The Homeless Life and Times of Cadillac Man

Photo: RJ Mickelson/The New York Times/Redux

Northern Queens’s most famous homeless person was making his thrice-weekly commute between his two homes—one inside, one out. The journey takes about 25 minutes, from the apartment Cadillac now shares with his girlfriend, Carol, to the last stop on the N in Astoria, where he lived under the 33rd Street viaduct of the Hell Gate Bridge until recently. It was under the viaduct that the Cadillac Man, who got his unbeatable street name after being hit by three different Cadillacs in the mid-nineties, wrote his book, Land of the Lost Souls, which will be published this month by Bloomsbury.

“It isn’t easy out here, and our story has to be told right,” says Cadillac, 59, who is beating the wind chill of minus five with his roomy Pendleton “polar-bear coat.” Roominess is a must when street-fighting, something Caddy, who grew up in Hell’s Kitchen, has been known to do. Not that he looks for trouble. Mostly he fights “to protect the little guys.” That’s how he became a beloved neo–tourist attraction in Astoria, saying hello to everyone, never asking for money, standing to salute firefighters after 9/11.
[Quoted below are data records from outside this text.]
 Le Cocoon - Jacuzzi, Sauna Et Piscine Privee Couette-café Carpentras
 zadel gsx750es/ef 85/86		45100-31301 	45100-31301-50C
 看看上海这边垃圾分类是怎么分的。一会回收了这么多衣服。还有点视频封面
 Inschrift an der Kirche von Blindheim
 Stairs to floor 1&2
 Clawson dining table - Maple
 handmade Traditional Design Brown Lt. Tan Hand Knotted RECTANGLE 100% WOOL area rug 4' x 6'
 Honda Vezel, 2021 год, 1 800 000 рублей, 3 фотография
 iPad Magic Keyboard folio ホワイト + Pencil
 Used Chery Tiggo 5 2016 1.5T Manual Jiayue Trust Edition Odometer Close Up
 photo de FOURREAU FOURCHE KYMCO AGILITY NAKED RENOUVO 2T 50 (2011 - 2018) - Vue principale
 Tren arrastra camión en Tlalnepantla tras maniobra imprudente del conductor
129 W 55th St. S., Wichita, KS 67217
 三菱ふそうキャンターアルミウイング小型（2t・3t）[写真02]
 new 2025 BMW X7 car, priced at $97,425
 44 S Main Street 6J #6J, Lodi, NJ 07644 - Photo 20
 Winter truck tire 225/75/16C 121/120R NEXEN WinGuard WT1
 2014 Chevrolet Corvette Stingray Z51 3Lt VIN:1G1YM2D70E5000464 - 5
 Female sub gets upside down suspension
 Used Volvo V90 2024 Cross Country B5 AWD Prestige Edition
Exiting the elevated Ditmars Boulevard station, Cadillac Man is greeted by locals as a conquering hero. He’s had other “spots” since he first went homeless (thanks to a spate of undefined bad luck) in 1994. For years, he slept in mausoleums in St. Michael’s Cemetery on Astoria Boulevard. But the viaduct has been the best. And it was here that he met Carol about three years ago. “She takes care of me,” he says of the recently laid-off 33-year-old computer programmer who has been trying to expand his diet beyond coffee and cigarettes. “We’re like a fairy tale, except it is going to last,” says the twice-married Cadillac. Still, he can only take so much of the luxuries of life “inside.” Hence the commute. “I’ve got to come over here, check up on what’s going on, who got beat up, who died. Last week, there was this guy, his liver exploded. Only 28. That stuff rips you up. We get together and pass the bottle, send him off the right way.”

If his book makes him rich, the plan is to get a nice “two- or three-bedroom apartment in Astoria. Whatever.” Cadillac’s final resting place, though, will be under the viaduct, where he’s cemented the rear wheels of his shopping cart into the sidewalk so everyone knows that spot belongs to him. “You’ll come here and see my ashes in a coffee can,” he says.